Je dois sommeiller quelques minutes vers trois heures du matin, emportée par la fatigue de deux nuits de veille car c'est une infirmière qui vient me réveiller, doucement, en m'apportant un café bien chaud.

Elle me sourit tandis que j'ouvre des yeux perdus, désorientés et avant que j'aie le temps de m'angoisser, elle murmure :

— Il va bien je viens de l'amener en chambre de réveil. Tout s'est bien passé. Ils ont pu retirer la balle sans dommage. Bien sûr, il faut encore attendre qu'il reprenne connaissance mais…

Je lui attrape les mains avec ferveur et reconnaissance et dis simplement :

— Je peux le voir ?

Elle sourit et hoche la tête.

— Oui, venez avec moi.

La chambre de réveil est toute blanche. Peeta est allongé dans des draps propres. Il dort encore mais il a l'air serein. Il ne semble pas souffrir. Il est couvert de bandages et des fils le relient à des poches de liquide suspendues à la tête de son lit.

Je m'assois à ses côtés et j'attends.

C'est que je fais de mieux depuis ces dix dernières heures.

C'est là que je passe les trois jours suivants.

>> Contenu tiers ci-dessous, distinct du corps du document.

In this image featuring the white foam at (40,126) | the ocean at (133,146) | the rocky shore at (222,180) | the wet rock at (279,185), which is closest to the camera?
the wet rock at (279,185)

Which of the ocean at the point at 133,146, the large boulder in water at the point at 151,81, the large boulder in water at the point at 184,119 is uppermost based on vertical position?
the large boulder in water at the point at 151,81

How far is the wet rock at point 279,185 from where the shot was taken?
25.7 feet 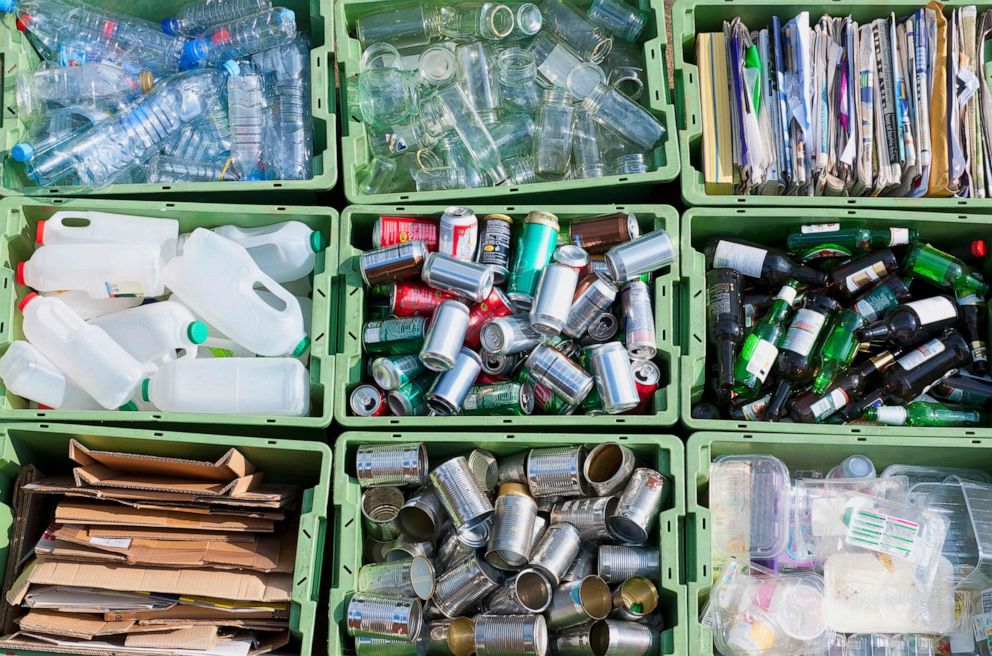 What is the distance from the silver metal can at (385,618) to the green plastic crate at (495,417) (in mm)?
520

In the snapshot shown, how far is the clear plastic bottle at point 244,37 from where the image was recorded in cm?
338

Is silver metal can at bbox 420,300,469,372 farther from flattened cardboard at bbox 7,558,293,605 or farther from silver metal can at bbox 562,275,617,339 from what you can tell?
flattened cardboard at bbox 7,558,293,605

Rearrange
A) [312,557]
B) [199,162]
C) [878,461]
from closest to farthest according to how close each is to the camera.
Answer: [312,557] < [878,461] < [199,162]

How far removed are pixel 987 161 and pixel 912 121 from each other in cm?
29

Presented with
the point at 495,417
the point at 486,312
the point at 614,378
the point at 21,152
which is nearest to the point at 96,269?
the point at 21,152

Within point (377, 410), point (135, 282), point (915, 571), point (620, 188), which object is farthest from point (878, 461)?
point (135, 282)

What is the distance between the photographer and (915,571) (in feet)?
9.24

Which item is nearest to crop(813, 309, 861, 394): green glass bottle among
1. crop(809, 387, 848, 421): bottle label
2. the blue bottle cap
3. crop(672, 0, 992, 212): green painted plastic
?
crop(809, 387, 848, 421): bottle label

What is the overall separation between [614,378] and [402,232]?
32.8 inches

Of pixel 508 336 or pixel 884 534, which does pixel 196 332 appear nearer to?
pixel 508 336

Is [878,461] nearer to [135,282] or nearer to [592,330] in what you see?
[592,330]

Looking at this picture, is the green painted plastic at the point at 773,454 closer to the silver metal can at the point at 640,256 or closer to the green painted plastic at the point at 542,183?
the silver metal can at the point at 640,256

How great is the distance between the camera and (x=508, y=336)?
2873 mm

Ne bougeant que lorsque les infirmières me jettent dehors et m'obligent à aller manger un morceau et faire quelques pas dans le couloir.

Pour passer le temps, j'ai mis la télévision en mode silence et je suis les informations en direct. J'assiste depuis mon bunker souterrain à l'attaque surprise du quartier général des frères de l'Hiver. Je suis les événements comme si j'y étais.

L'assaut durera finalement vingt-deux heures et fera dix-sept morts parmi les terroristes, dont leur chef.

Finnick et Beetee sont chargés de donner une interview au nom du groupe d'intervention depuis la pelouse du Capitole une fois l'assaut terminé.

Ils indiquent que de nombreuses bombes ont été trouvées et désamorcées dans des quartiers du Capitole et que désormais, tous les membres survivants du groupe terroriste sont derrière les barreaux. La police du Capitole est encore sur le terrain pour sécuriser tout le périmètre mais, selon les dernières informations, tout devrait rentrer dans l'ordre dans les prochaines quarante-huit heures.

Je souris en songeant que cette crise est désormais derrière nous. J'espère seulement que cette fois-ci, nous les avons vraiment tous arrêtés…

— Eh bien, on dirait que j'ai manqué le meilleur…

La voix de Peeta me fait sursauter et je fais volte-face si vite que je manque en tomber de mon siège.

Il a les yeux ouverts, il fixe l'écran puis moi avant de rajouter :

— Salut toi…

Je lui saute dans les bras, un peu trop vivement car je lui arrache un gémissement.

Je recule :

— Désolée !

— Non, ce n'est rien… ça me fait du bien de te voir… Qu'est-ce qu'il s'est passé ?

Je soupire et manque éclater d'un fou-rire nerveux.

Comment lui dire, par quoi commencer ?

Je ne sais pas, je ne sais plus.

Tout ce dont je suis sûre, c'est qu'il est vivant et que nous allons bientôt pouvoir rentrer chez nous.